2003年3月号

 子どもが「読んで!」と絵本を持ってきました。『はなをくんくん』(福音館書店)
 冬の間、動物たちは冬眠をしています。野ねずみ、クマ、カタツムリ、リス、つちねずみが、地面に掘った穴の中や木のうろで、寒い冬にジッと耐えながら寝ています。

 ある日、動物たちが鼻をくんくんさせ始めます。眠そうな目を開けて、鼻をくんくんさせて何かのにおいをかぎつけます。そして、みな穴から出てきて雪の中をにおいのする方へ走っていきました。たどり着いた所にあったのは、黄色い小さなお花でした。みんなが待ちこがれていた春がやって来たのでした・・・という物語です。

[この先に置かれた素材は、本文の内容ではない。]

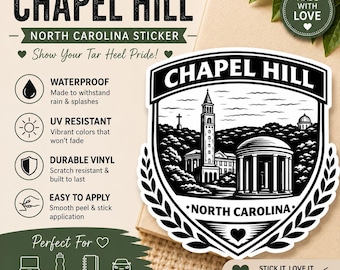 Chapel Hill NC College Town Sticker | Minimal Tar Heel Blue Vinyl Decal (Waterproof)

 春は待ち遠しいです。そこには、寒い冬をジッと我慢しながら過ごしたがゆえに輝く生命の輝きがあります。このときのために蓄えてきたエネルギーを一気に放つ生命の躍動があります。それは“本物の輝き”です。だから、美しいし、だから素晴らしいと感じるのだと思います。

 そんなことを考えていたら、よくお花をくださる方と昨年の暮れに交わした会話を思い出しました。それは12月にチューリップをいただいたときのことです。わたしは真冬にチューリップを咲かせる技術が大したものだと感心しながらその旨を伝えました。すると、その方はこうおっしゃったのです。「確かにそうですね。でも、やっぱり弱いんですよ。すぐ茎がしおれて花がうなだれたりします。」ちょっと驚きました。まさかそんな弊害があるとは想像もしませんでした。でも、妙に納得もしたのです。

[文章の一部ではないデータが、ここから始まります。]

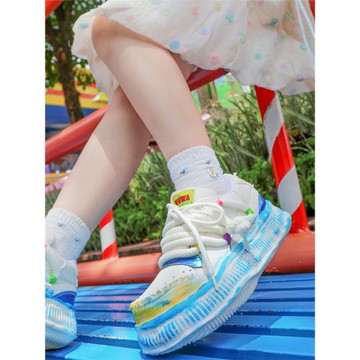 NIUWA 2025春季丑萌原創休閑百搭單鞋厚底增高大頭鞋小眾設計女鞋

 言うまでもありませんが、チューリップは無理を強いられたのです。そのため、見た目には同じようでも本来の自然の姿は失われ、自らの力でしっかり立ち続けることのできない姿になってしまったのです。

 チューリップは春に芽を出して花を咲かせますが、だからと言って春先に球根を植えてもダメです。秋に植え、冬の間に根を張って力を蓄えるからこそ、春に花咲くのです。

 見た目に華やかな表面的な部分だけでなく、真の輝きを放つための備えの大切さを改めて思い起こしました。地味で、見栄えがしない、そんな下地があってこそ、生命は真の輝きを放つのだと。